Também virá a propósito relembrar as polémicas suscitadas pelos discursos de Ângela Merkel e David Cameron a respeito do falhanço do multiculturalismo, enquanto coexistência e tolerância passiva das diversidades culturais das comunidades imigrantes na Europa (em especial as muçulmanas), mantidas no seu isolamento e sem a preocupação de adesão a valores culturais comuns das sociedades que as acolhem. Ângela Merkel ligou tais valores à herança judaico-cristã. David Cameron, por seu turno, falou num «liberalismo musculado muito mais activo», no «reforço dos valores da igualdade e da lei» e numa «visão de sociedade» de que estes imigrantes «queiram fazer parte».

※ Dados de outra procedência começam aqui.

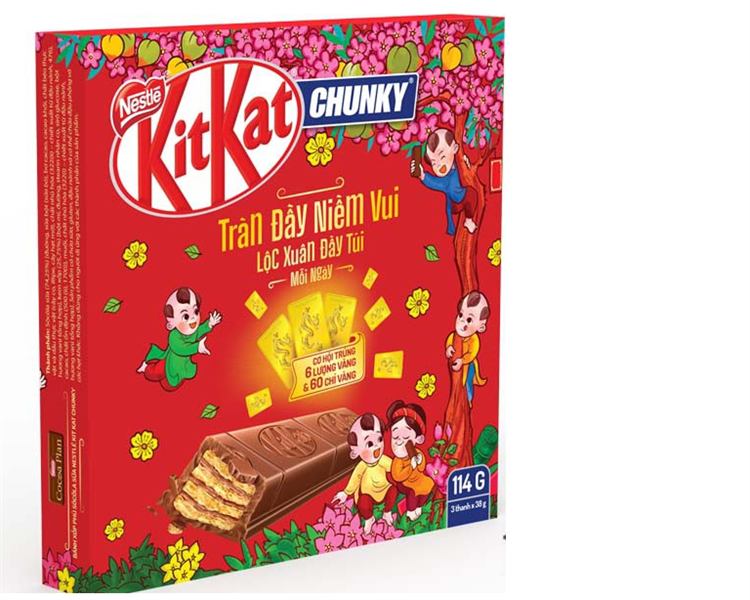 Bánh xốp phủ socola sữa Nestle Kitkat Chunky 114g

Os representantes dessas comunidades muçulmanas não reagiram nada bem a estes discursos. Temem que a eles esteja subjacente a mesma reacção de rejeição e hostilidade que conduziu ao sucesso eleitoral de partidos extremistas anti-islâmicos na Holanda e nos países nórdicos, países que até aqui também apostaram no modelo multiculturalista, contra o qual se insurgia, de forma extrema, Anders Breivik.
A coesão social da Europa só terá a ganhar com uma mais sólida integração dos seus imigrantes, incluindo os de religião muçulmana. Mas será insensato pensar que essa integração há-de dar-se só com a condição de essas comunidades sacrificarem as suas riquezas culturais e religiosas, como se os muçulmanos tivessem de deixar de o ser para serem plenamente europeus. Só o diálogo entre uma e outra das culturas em presença permitirá uma autêntica integração. Para tal, há que valorizar os expoentes da cultura muçulmana (que também os há) que procuram conciliar o Islão com os valores de liberdade e igualdade próprios das sociedades europeias.

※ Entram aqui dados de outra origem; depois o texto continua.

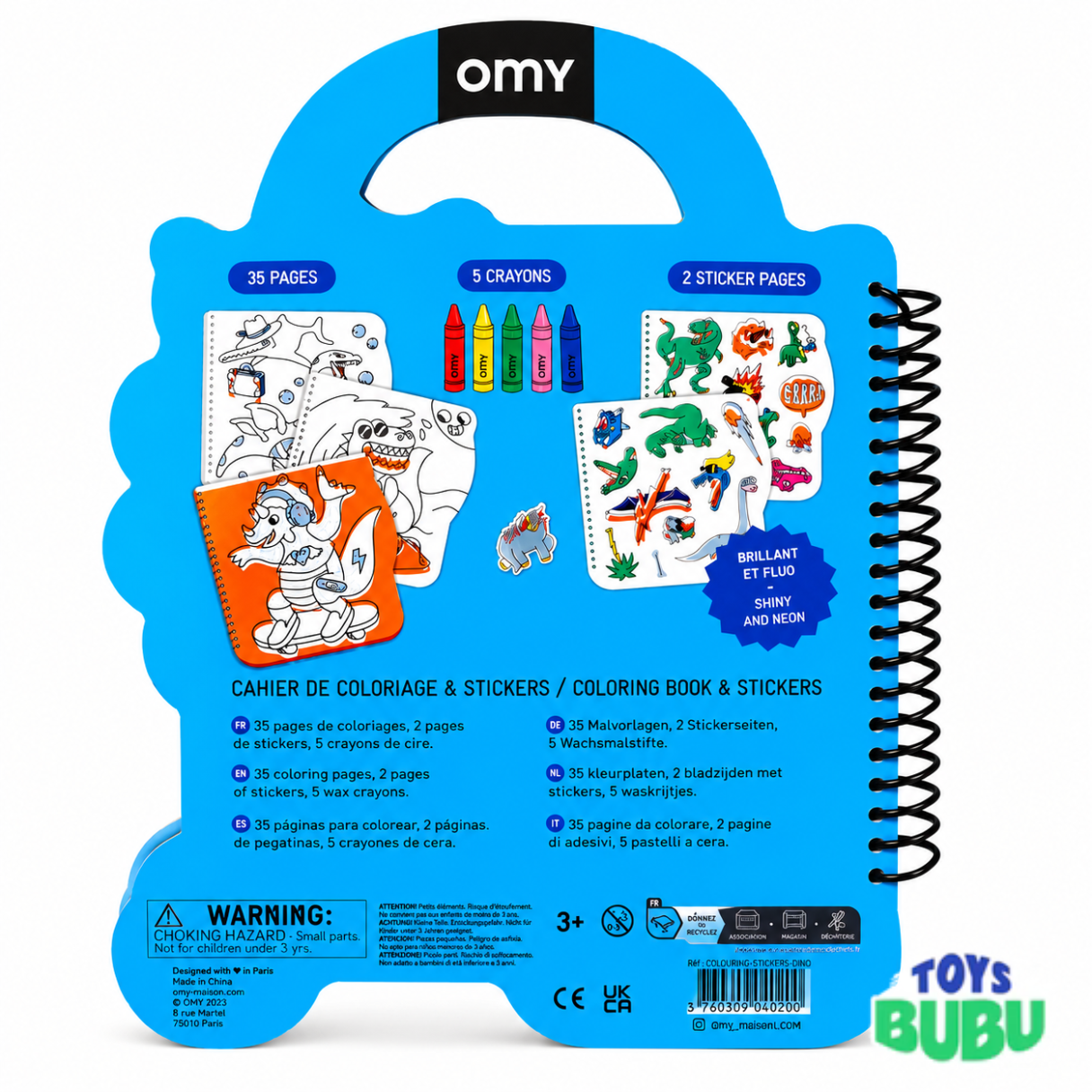 Dinosaur Coloring and Sticker Book by OMY - Activity Set with Crayons and Stickers for Kids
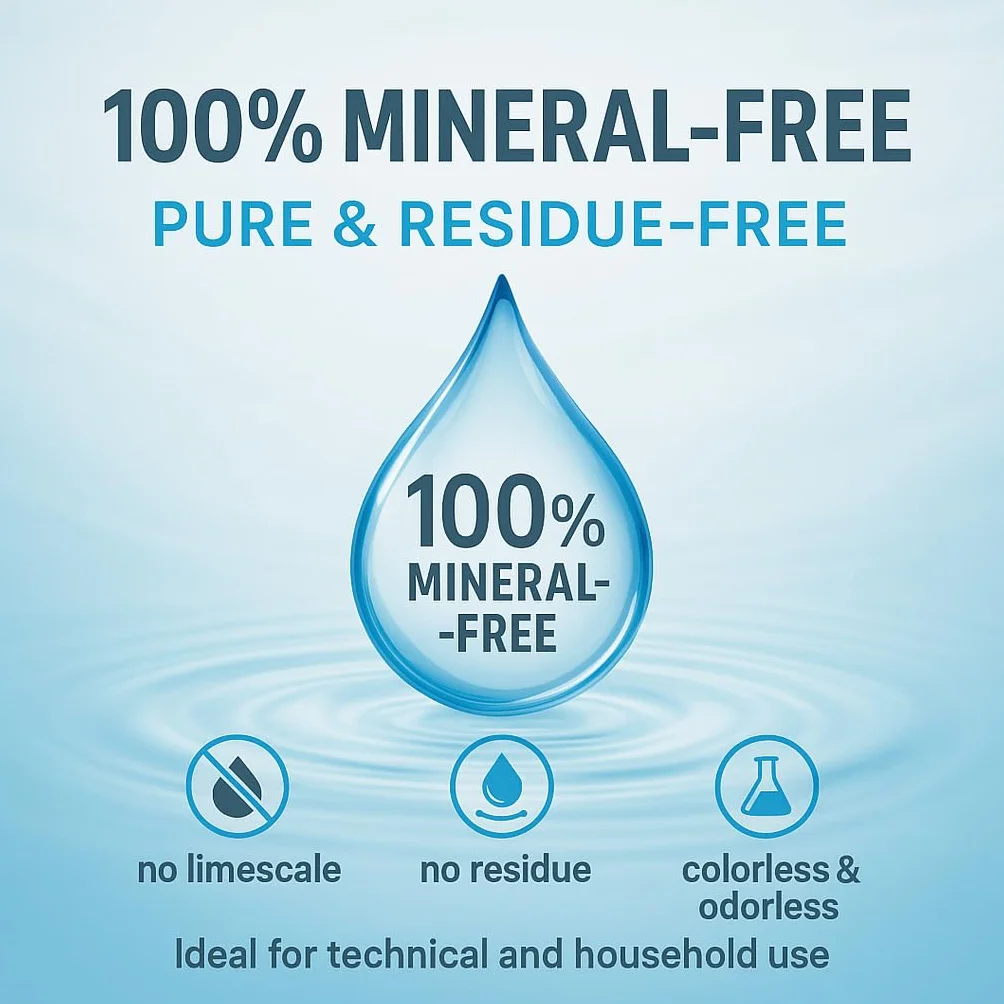 GiDeli Agua desmineralizada 20L agua destilada para planchas, baterías, radiadores, humidificadores, acuarios y laboratorios agua sin cal, inodoro, transparente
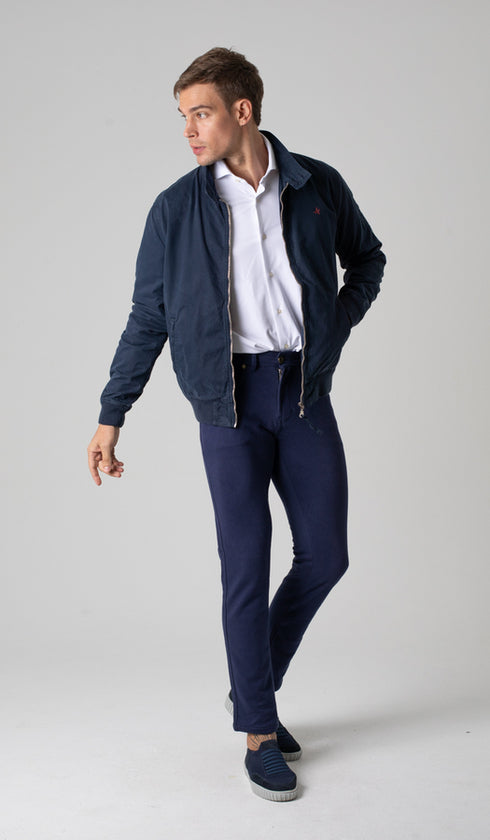 Jaqueta Bomber Fio Penteado Tinturada Gola Retilínea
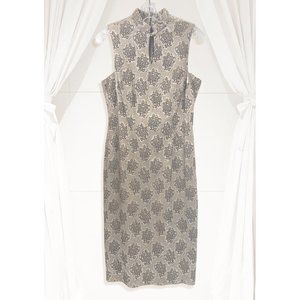 Vintage Harold's Keyhole Cheongsam Chrysanthemum Damask Shift Dress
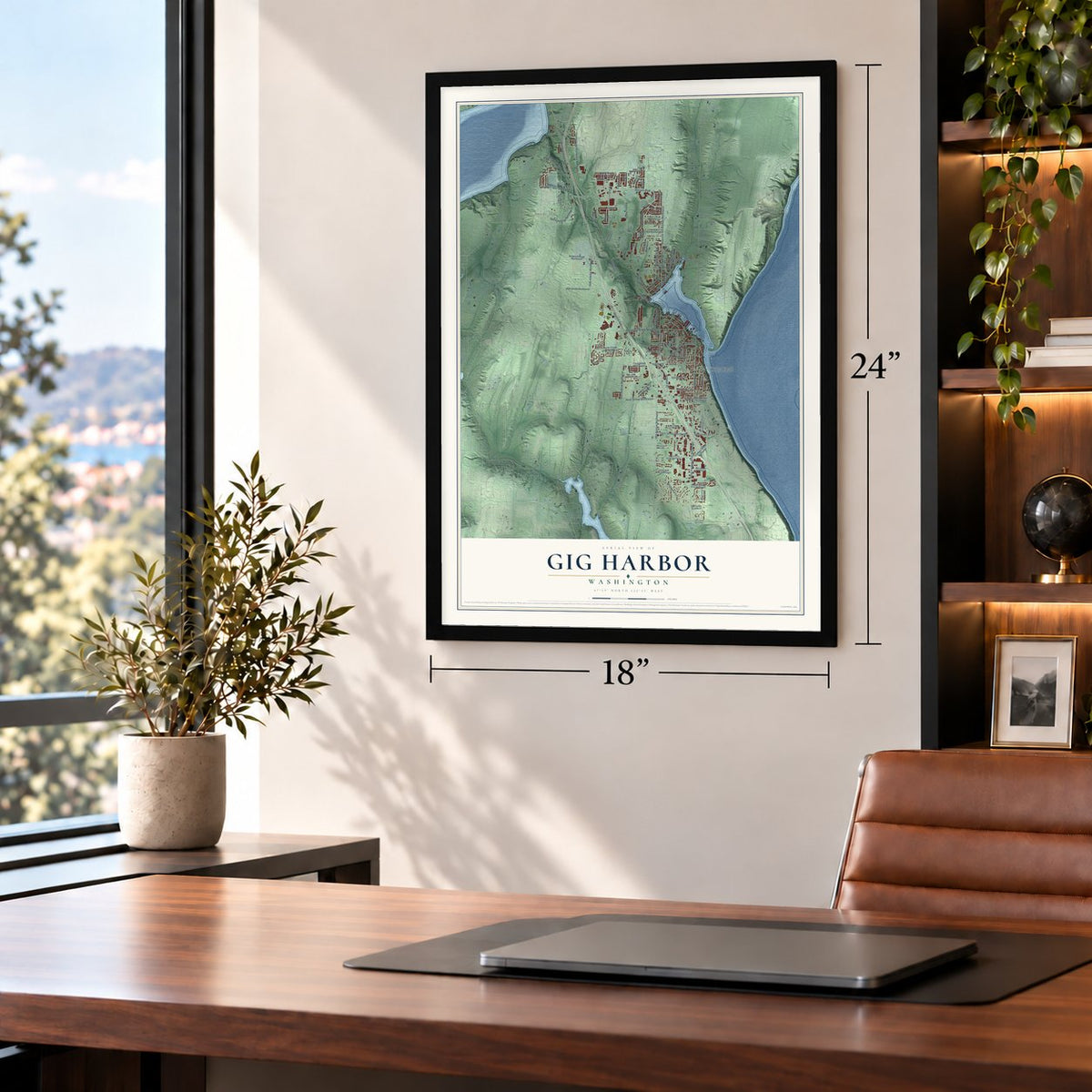 Gig Harbor, Washington map, 18 x 24 inch print in a black frame in a home office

E, para que esse diálogo seja fecundo, também importa que da parte das sociedades europeias haja uma valorização da sua própria identidade. Para que nos imigrantes muçulmanos cresça o sentimento de pertença às sociedades europeias (para que eles destas «queiram fazer parte»), certamente que, antes de mais, tem de ser sólido o próprio sentimento de pertença dos europeus a essas sociedades. E, para que este sentimento de pertença possa atrair mais do que o que é proporcionado pelos grupos fundamentalistas, será necessário que os imigrantes muçulmanos não se deparem com sociedades pobres de valores éticos e espirituais (é também esta pobreza que delas faz um terreno de conquista desses grupos).
A identidade das pessoas e dos povos não deve afirmar-se contra o outro (como faz a “ideologia da identidade” de Anders Breivik), mas através da adesão coerente a valores éticos que dão sentido à convivência humana. As pessoas e os povos não se realizam contra o outro, mas quando doam o melhor de si mesmos. Uma Europa consciente das suas raízes cristãs (em que imperem os valores liberais, mas não só), que veja nessas raízes muito mais do que a memória de tradições ancestrais ou a preservação de sinais externos, que seja, pois, coerente com a autenticidade dos valores cristãos, há-de saber acolher os imigrantes muçulmanos, com eles dialogar e identificar valores éticos e espirituais comuns.